• GOAL OF THE EXERCISE: Line by line, the data below should be set down unchanged, with images excluded.

• RECORDED INFORMATION:
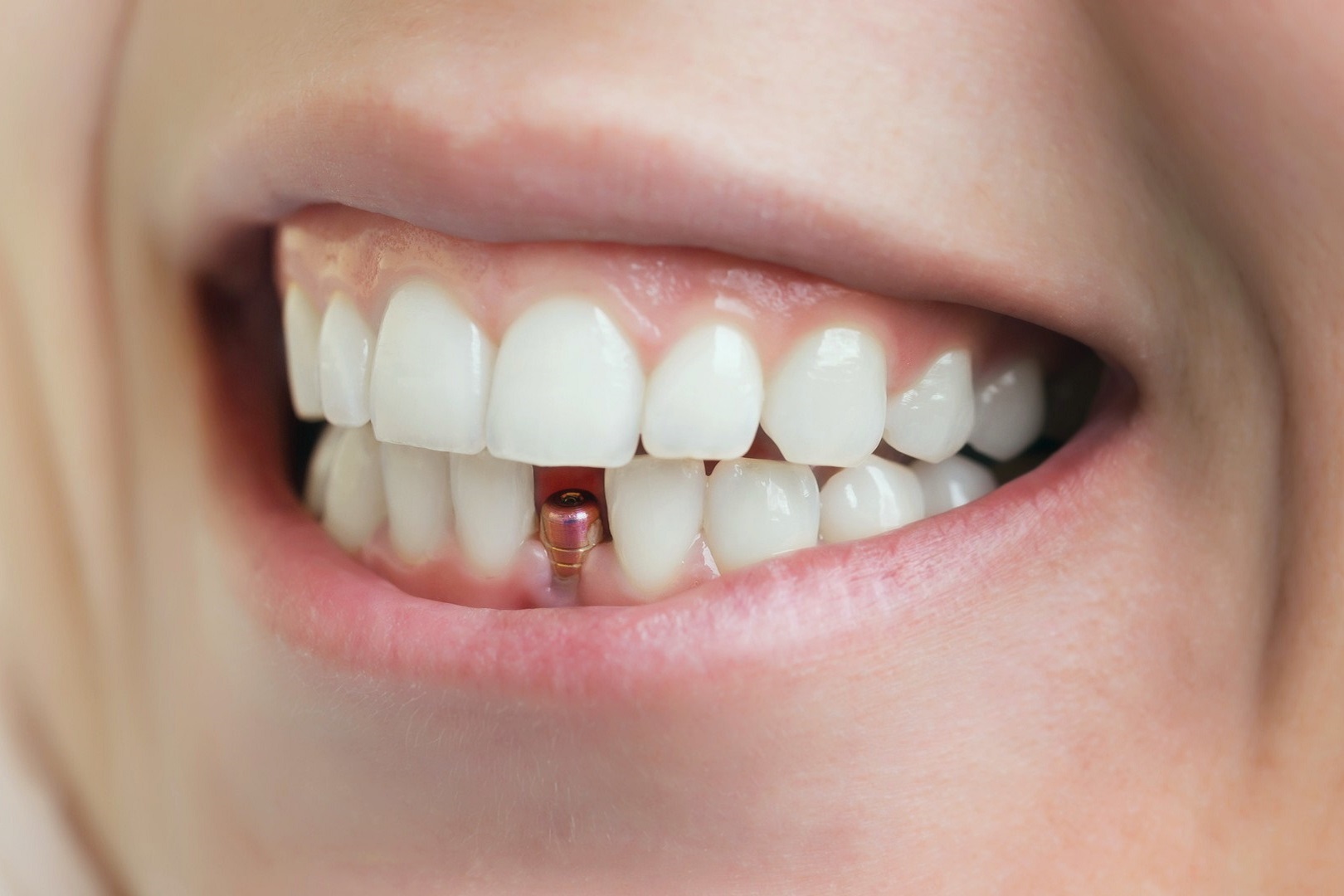 Implantes dentales Mahón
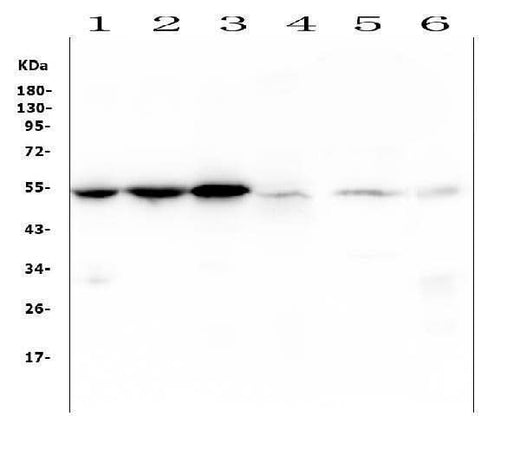 Anti-Desmin Antibody Picoband® (monoclonal, 2B5 Boster Bio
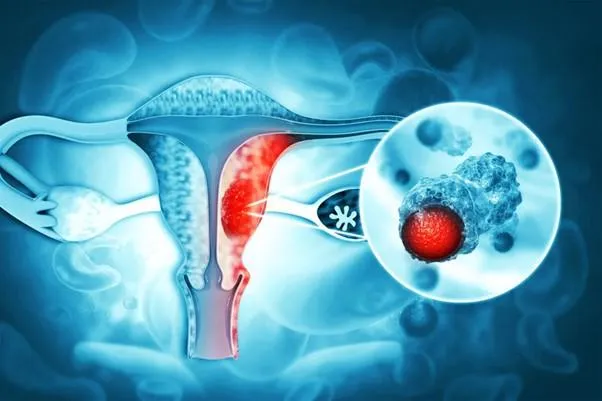 Xét nghiệm PCR là gì? Tại sao cần làm xét nghiệm PCR?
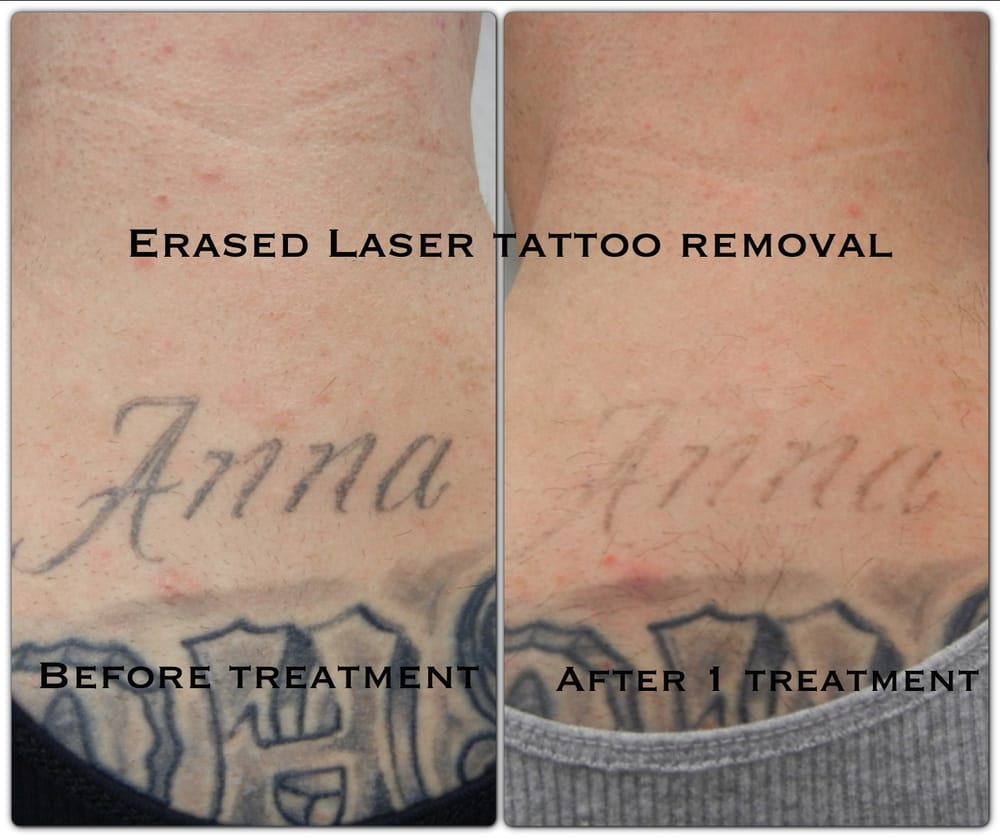 photos for erased laser tattoo removal yelp photos for erased laser tattoo removal yelp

• COMPLETED EXERCISE:
 Implantes dentales Mahón
 Anti-Desmin Antibody Picoband® (monoclonal, 2B5 Boster Bio
 Xét nghiệm PCR là gì? Tại sao cần làm xét nghiệm PCR?
 photos for erased laser tattoo removal yelp photos for erased laser tattoo removal yelp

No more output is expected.